■ Task statement
The answer is the full listing restated exactly, without any pictures.
[[ Data extract open ]]
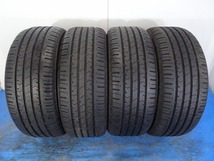 ブリヂストン ECOPIA NH100 215/50R17 91V★8分山 2020年 4本 中古 ノーマル【福島発 送料無料】FUK-D13095★夏_画像1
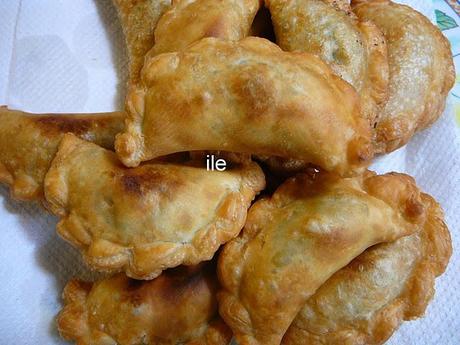 Empanadas de carne y verdura
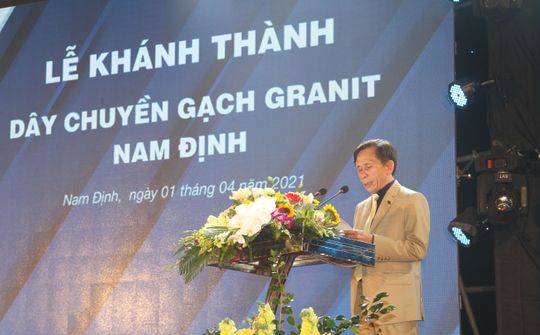 Chiêm ngưỡng dây chuyền sản xuất gạch Granite hiện đại nhất hiện nay của VID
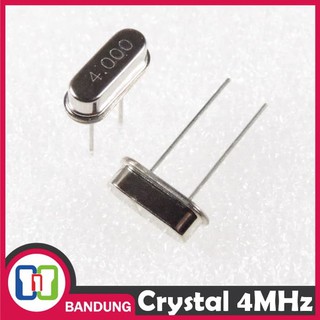 Oscilador oscilador de cristal XTAL 4MHZ 4 MHZ DIP HC-49S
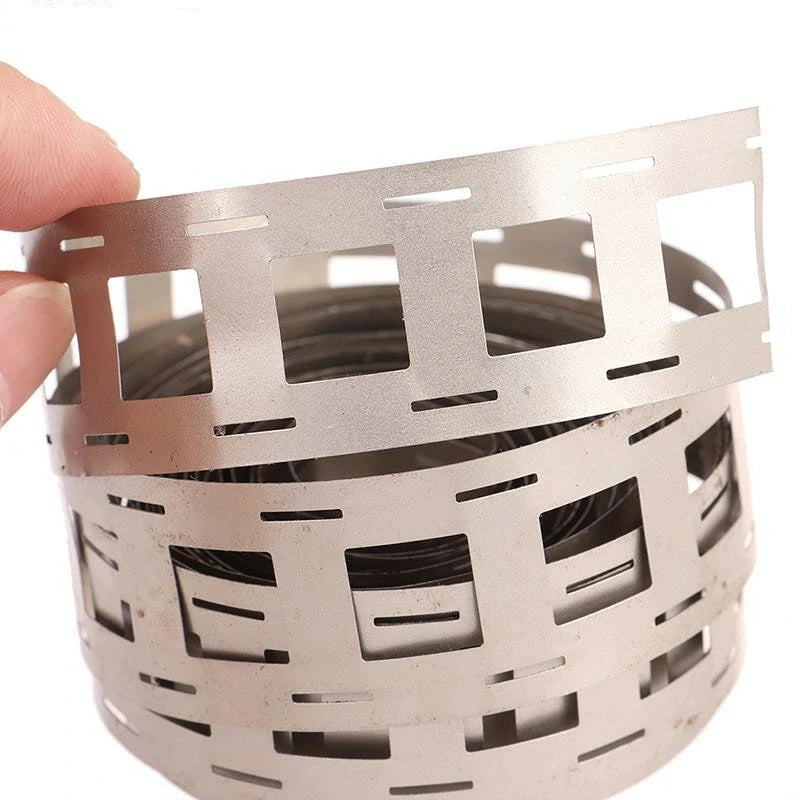 Pure Nickel Strip 0.15x27mm for 18650 Battery Welding - High Purity Tape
[[ Data extract closed ]]
■ Task answer
 ブリヂストン ECOPIA NH100 215/50R17 91V★8分山 2020年 4本 中古 ノーマル【福島発 送料無料】FUK-D13095★夏_画像1
 Empanadas de carne y verdura
 Chiêm ngưỡng dây chuyền sản xuất gạch Granite hiện đại nhất hiện nay của VID
 Oscilador oscilador de cristal XTAL 4MHZ 4 MHZ DIP HC-49S
 Pure Nickel Strip 0.15x27mm for 18650 Battery Welding - High Purity Tape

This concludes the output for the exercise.